#### DATA SHOWN ####

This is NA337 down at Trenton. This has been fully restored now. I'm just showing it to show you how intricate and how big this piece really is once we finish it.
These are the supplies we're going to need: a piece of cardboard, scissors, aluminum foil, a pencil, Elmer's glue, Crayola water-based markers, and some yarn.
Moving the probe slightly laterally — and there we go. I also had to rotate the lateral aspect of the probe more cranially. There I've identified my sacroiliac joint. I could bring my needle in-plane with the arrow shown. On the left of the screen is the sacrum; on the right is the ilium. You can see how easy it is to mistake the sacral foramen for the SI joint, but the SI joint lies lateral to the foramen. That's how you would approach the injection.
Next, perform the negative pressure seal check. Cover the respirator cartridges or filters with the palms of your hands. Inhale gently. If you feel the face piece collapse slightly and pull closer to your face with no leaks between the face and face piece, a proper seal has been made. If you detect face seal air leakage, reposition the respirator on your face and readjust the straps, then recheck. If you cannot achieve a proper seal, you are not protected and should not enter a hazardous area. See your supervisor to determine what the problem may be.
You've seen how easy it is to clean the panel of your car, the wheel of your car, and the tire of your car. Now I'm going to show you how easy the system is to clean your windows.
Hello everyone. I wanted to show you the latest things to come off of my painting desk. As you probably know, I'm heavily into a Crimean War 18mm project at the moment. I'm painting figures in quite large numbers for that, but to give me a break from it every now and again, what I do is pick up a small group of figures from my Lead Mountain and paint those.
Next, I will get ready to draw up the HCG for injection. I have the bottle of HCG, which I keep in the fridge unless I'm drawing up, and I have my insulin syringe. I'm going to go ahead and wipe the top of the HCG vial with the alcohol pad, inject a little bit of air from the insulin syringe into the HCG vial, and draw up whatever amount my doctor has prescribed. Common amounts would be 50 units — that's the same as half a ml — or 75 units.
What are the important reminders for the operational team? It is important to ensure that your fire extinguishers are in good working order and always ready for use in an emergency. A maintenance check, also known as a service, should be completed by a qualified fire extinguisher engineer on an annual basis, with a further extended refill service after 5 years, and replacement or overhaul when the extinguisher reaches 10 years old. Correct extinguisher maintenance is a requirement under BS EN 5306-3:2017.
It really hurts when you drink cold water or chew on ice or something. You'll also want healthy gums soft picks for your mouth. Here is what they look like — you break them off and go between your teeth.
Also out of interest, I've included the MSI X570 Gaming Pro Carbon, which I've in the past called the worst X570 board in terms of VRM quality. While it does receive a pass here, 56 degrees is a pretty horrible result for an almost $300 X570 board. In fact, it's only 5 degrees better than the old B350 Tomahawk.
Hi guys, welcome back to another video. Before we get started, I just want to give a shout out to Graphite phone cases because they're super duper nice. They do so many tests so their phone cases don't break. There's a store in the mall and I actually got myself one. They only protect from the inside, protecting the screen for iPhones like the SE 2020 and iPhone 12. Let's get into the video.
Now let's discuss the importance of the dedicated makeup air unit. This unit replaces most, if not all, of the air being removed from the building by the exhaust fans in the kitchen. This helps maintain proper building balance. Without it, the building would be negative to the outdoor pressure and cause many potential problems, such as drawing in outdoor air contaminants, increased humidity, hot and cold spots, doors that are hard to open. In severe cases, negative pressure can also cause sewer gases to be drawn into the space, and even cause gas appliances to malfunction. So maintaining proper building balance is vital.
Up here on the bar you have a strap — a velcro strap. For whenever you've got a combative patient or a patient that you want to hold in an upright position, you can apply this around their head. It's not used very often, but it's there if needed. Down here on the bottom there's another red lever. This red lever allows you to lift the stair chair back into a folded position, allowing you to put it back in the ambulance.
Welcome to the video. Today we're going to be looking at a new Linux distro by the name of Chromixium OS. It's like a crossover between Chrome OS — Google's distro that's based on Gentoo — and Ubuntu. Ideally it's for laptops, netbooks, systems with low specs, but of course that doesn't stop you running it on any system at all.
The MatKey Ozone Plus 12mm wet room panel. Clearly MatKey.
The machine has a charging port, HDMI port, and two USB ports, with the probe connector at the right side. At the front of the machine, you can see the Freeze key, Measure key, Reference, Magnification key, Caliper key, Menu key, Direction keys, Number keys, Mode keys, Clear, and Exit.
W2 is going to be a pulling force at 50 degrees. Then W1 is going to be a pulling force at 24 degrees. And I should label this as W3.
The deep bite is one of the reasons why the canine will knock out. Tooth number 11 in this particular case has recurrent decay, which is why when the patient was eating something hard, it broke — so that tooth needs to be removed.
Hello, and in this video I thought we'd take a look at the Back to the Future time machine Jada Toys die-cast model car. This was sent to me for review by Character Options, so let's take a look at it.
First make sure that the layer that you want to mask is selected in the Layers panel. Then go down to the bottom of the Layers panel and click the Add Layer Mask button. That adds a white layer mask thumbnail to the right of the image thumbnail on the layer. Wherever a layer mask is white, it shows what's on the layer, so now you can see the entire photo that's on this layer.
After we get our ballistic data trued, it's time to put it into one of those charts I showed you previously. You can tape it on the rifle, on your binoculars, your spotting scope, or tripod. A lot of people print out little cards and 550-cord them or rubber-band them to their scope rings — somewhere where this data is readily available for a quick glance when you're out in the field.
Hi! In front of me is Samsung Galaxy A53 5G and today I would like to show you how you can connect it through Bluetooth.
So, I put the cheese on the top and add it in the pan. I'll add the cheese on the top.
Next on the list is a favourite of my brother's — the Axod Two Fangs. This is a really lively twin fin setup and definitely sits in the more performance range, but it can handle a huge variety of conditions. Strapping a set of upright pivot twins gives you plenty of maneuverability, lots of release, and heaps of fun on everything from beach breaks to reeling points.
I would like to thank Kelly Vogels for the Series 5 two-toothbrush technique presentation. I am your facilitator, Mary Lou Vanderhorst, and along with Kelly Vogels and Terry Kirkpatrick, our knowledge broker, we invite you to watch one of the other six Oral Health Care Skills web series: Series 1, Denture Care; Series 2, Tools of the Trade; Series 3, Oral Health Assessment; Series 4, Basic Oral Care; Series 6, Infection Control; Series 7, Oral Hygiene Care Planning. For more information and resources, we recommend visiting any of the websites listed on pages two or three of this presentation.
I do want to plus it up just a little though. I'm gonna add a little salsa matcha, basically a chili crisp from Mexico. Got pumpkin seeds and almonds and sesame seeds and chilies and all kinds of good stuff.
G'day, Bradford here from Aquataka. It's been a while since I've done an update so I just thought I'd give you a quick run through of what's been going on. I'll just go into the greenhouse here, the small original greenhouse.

####

Only an exact copy of the data above will do.

- **ANSWER**
This is NA337 down at Trenton. This has been fully restored now. I'm just showing it to show you how intricate and how big this piece really is once we finish it.
These are the supplies we're going to need: a piece of cardboard, scissors, aluminum foil, a pencil, Elmer's glue, Crayola water-based markers, and some yarn.
Moving the probe slightly laterally — and there we go. I also had to rotate the lateral aspect of the probe more cranially. There I've identified my sacroiliac joint. I could bring my needle in-plane with the arrow shown. On the left of the screen is the sacrum; on the right is the ilium. You can see how easy it is to mistake the sacral foramen for the SI joint, but the SI joint lies lateral to the foramen. That's how you would approach the injection.
Next, perform the negative pressure seal check. Cover the respirator cartridges or filters with the palms of your hands. Inhale gently. If you feel the face piece collapse slightly and pull closer to your face with no leaks between the face and face piece, a proper seal has been made. If you detect face seal air leakage, reposition the respirator on your face and readjust the straps, then recheck. If you cannot achieve a proper seal, you are not protected and should not enter a hazardous area. See your supervisor to determine what the problem may be.
You've seen how easy it is to clean the panel of your car, the wheel of your car, and the tire of your car. Now I'm going to show you how easy the system is to clean your windows.
Hello everyone. I wanted to show you the latest things to come off of my painting desk. As you probably know, I'm heavily into a Crimean War 18mm project at the moment. I'm painting figures in quite large numbers for that, but to give me a break from it every now and again, what I do is pick up a small group of figures from my Lead Mountain and paint those.
Next, I will get ready to draw up the HCG for injection. I have the bottle of HCG, which I keep in the fridge unless I'm drawing up, and I have my insulin syringe. I'm going to go ahead and wipe the top of the HCG vial with the alcohol pad, inject a little bit of air from the insulin syringe into the HCG vial, and draw up whatever amount my doctor has prescribed. Common amounts would be 50 units — that's the same as half a ml — or 75 units.
What are the important reminders for the operational team? It is important to ensure that your fire extinguishers are in good working order and always ready for use in an emergency. A maintenance check, also known as a service, should be completed by a qualified fire extinguisher engineer on an annual basis, with a further extended refill service after 5 years, and replacement or overhaul when the extinguisher reaches 10 years old. Correct extinguisher maintenance is a requirement under BS EN 5306-3:2017.
It really hurts when you drink cold water or chew on ice or something. You'll also want healthy gums soft picks for your mouth. Here is what they look like — you break them off and go between your teeth.
Also out of interest, I've included the MSI X570 Gaming Pro Carbon, which I've in the past called the worst X570 board in terms of VRM quality. While it does receive a pass here, 56 degrees is a pretty horrible result for an almost $300 X570 board. In fact, it's only 5 degrees better than the old B350 Tomahawk.
Hi guys, welcome back to another video. Before we get started, I just want to give a shout out to Graphite phone cases because they're super duper nice. They do so many tests so their phone cases don't break. There's a store in the mall and I actually got myself one. They only protect from the inside, protecting the screen for iPhones like the SE 2020 and iPhone 12. Let's get into the video.
Now let's discuss the importance of the dedicated makeup air unit. This unit replaces most, if not all, of the air being removed from the building by the exhaust fans in the kitchen. This helps maintain proper building balance. Without it, the building would be negative to the outdoor pressure and cause many potential problems, such as drawing in outdoor air contaminants, increased humidity, hot and cold spots, doors that are hard to open. In severe cases, negative pressure can also cause sewer gases to be drawn into the space, and even cause gas appliances to malfunction. So maintaining proper building balance is vital.
Up here on the bar you have a strap — a velcro strap. For whenever you've got a combative patient or a patient that you want to hold in an upright position, you can apply this around their head. It's not used very often, but it's there if needed. Down here on the bottom there's another red lever. This red lever allows you to lift the stair chair back into a folded position, allowing you to put it back in the ambulance.
Welcome to the video. Today we're going to be looking at a new Linux distro by the name of Chromixium OS. It's like a crossover between Chrome OS — Google's distro that's based on Gentoo — and Ubuntu. Ideally it's for laptops, netbooks, systems with low specs, but of course that doesn't stop you running it on any system at all.
The MatKey Ozone Plus 12mm wet room panel. Clearly MatKey.
The machine has a charging port, HDMI port, and two USB ports, with the probe connector at the right side. At the front of the machine, you can see the Freeze key, Measure key, Reference, Magnification key, Caliper key, Menu key, Direction keys, Number keys, Mode keys, Clear, and Exit.
W2 is going to be a pulling force at 50 degrees. Then W1 is going to be a pulling force at 24 degrees. And I should label this as W3.
The deep bite is one of the reasons why the canine will knock out. Tooth number 11 in this particular case has recurrent decay, which is why when the patient was eating something hard, it broke — so that tooth needs to be removed.
Hello, and in this video I thought we'd take a look at the Back to the Future time machine Jada Toys die-cast model car. This was sent to me for review by Character Options, so let's take a look at it.
First make sure that the layer that you want to mask is selected in the Layers panel. Then go down to the bottom of the Layers panel and click the Add Layer Mask button. That adds a white layer mask thumbnail to the right of the image thumbnail on the layer. Wherever a layer mask is white, it shows what's on the layer, so now you can see the entire photo that's on this layer.
After we get our ballistic data trued, it's time to put it into one of those charts I showed you previously. You can tape it on the rifle, on your binoculars, your spotting scope, or tripod. A lot of people print out little cards and 550-cord them or rubber-band them to their scope rings — somewhere where this data is readily available for a quick glance when you're out in the field.
Hi! In front of me is Samsung Galaxy A53 5G and today I would like to show you how you can connect it through Bluetooth.
So, I put the cheese on the top and add it in the pan. I'll add the cheese on the top.
Next on the list is a favourite of my brother's — the Axod Two Fangs. This is a really lively twin fin setup and definitely sits in the more performance range, but it can handle a huge variety of conditions. Strapping a set of upright pivot twins gives you plenty of maneuverability, lots of release, and heaps of fun on everything from beach breaks to reeling points.
I would like to thank Kelly Vogels for the Series 5 two-toothbrush technique presentation. I am your facilitator, Mary Lou Vanderhorst, and along with Kelly Vogels and Terry Kirkpatrick, our knowledge broker, we invite you to watch one of the other six Oral Health Care Skills web series: Series 1, Denture Care; Series 2, Tools of the Trade; Series 3, Oral Health Assessment; Series 4, Basic Oral Care; Series 6, Infection Control; Series 7, Oral Hygiene Care Planning. For more information and resources, we recommend visiting any of the websites listed on pages two or three of this presentation.
I do want to plus it up just a little though. I'm gonna add a little salsa matcha, basically a chili crisp from Mexico. Got pumpkin seeds and almonds and sesame seeds and chilies and all kinds of good stuff.
G'day, Bradford here from Aquataka. It's been a while since I've done an update so I just thought I'd give you a quick run through of what's been going on. I'll just go into the greenhouse here, the small original greenhouse.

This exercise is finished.